I am asking for help for the following problem.
- N items. Each Item has to be put into exactly one bin.
- C constraints. Each constraints is a pair of items, meaning item x und item y are not allowed in the same bin.
- There is no limit the the capacity of the bins.
- Goal: Minimum number of bins.
Background
The items are exams. And there are students. The exams of one student may not be on the same day (= bin), these are the constraints. Each student has approx. 3-10 exams. Goal: Minimum number of exam-days.
What I did
If you randomly limit each exam to 2 bins, then this problem can be coded as 2-SAT and be solved in polynomial time.
Question
Is there a polynomial time algorithm for this variation of bin packing? May with dynamic programming, because each student has at most 10 exams?
Edit 1
While thinking about it, it may be converted to a maximum bipartite matching problem.
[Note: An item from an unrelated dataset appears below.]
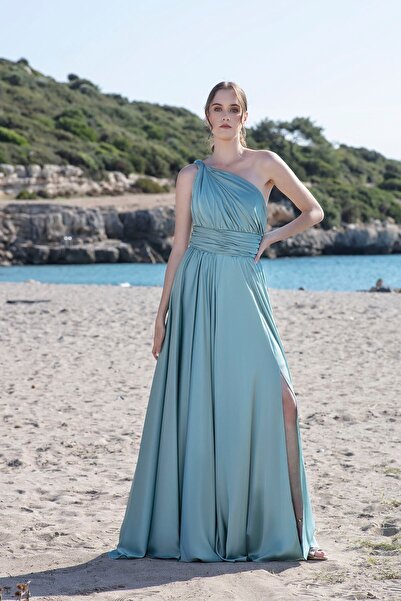 MAXXE 4923ST Helen Tek Omuz Saten Elbise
Left Nodes: The Exams E1, E2, E3, ....
Right Nodes: The "Exams times bins". E1B1, E1B2, E1B3, .... E2B1, E2B2, ...
Each Exam (e.g. E1) is only connected to its own bins (E1B1, E1B2, ...). This is just a thought. Now we have the problem that the following assigment E1-E1B2 and E2-E2B2 may be forbidden, if E1 and E2 may not be in the same bin (B2).
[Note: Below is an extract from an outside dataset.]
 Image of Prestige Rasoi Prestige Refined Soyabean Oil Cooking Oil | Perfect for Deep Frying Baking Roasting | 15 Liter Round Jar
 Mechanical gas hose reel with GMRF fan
One could add (left) dummy-nodes connecting exactly two of the right nodes. DummyA to E1B1 and E2B1, DummyB to E1B2 and E2B2, ... . This looked good first, but I think its not working, because the dummy-nodes are to many. They need to have higher priority than the "E to EB" edges, and will "destroy" valid solutions.
Thank you for your help Benjamin
This is precisely the question of finding the chromatic number of the graph whose vertex set is N and whose edge set is C.
https://en.wikipedia.org/wiki/Graph_coloring
It is NP-complete to determine whether 3 bins suffice.